**** Entries shown

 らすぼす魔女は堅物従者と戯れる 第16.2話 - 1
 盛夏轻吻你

********
**** Entries shown

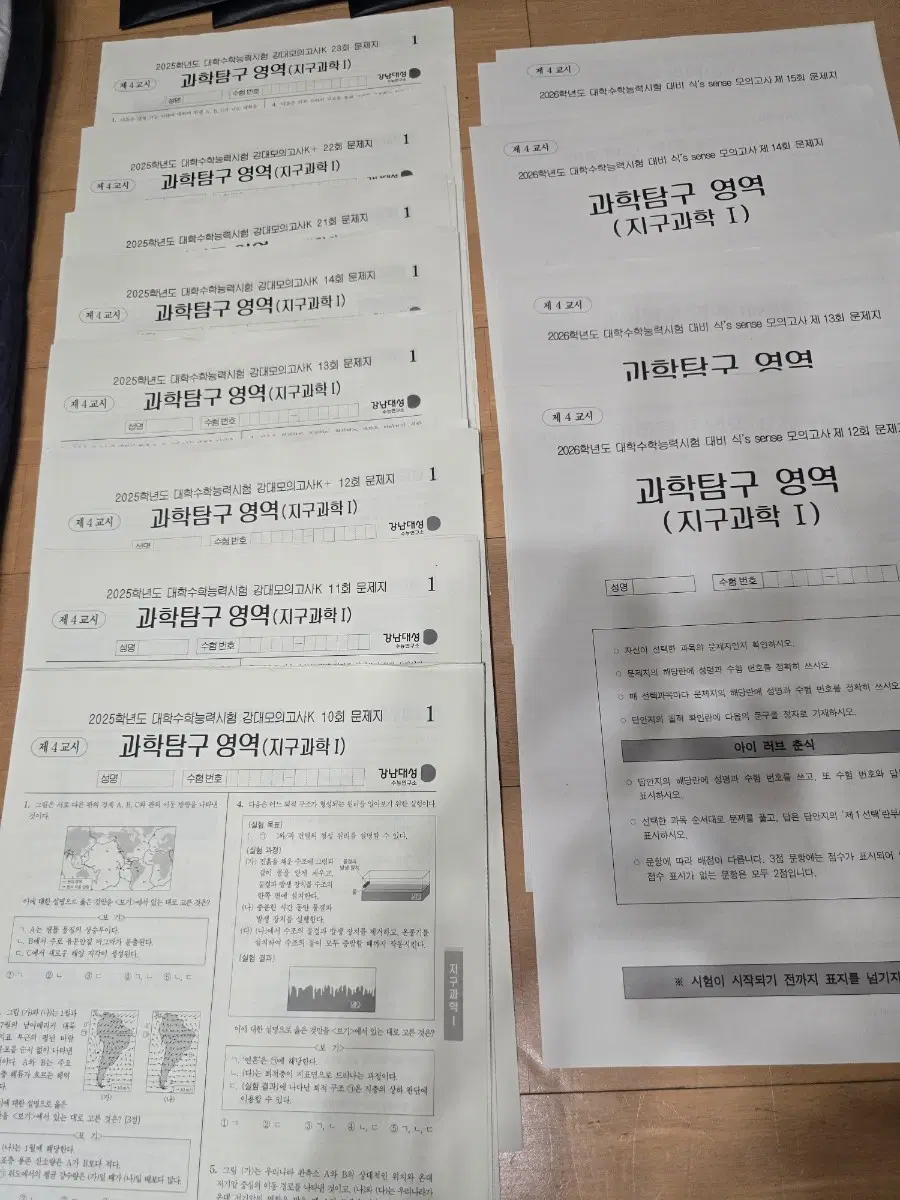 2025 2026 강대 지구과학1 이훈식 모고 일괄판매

********
**** Entries shown

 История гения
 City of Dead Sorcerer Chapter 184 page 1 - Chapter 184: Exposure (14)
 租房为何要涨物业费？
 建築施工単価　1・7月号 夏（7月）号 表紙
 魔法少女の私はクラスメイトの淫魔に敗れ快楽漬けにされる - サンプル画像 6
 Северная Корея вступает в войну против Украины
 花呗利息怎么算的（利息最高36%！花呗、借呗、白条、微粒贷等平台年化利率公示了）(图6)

********

> _Exercise directions_
The reply should hold only the lines of the listing above starting at the line containing "Северная Корея вступает" and ending at the line containing "花呗利息怎么算的（利息最高3", exactly as written.

> _Answer section_
 Северная Корея вступает в войну против Украины
 花呗利息怎么算的（利息最高36%！花呗、借呗、白条、微粒贷等平台年化利率公示了）(图6)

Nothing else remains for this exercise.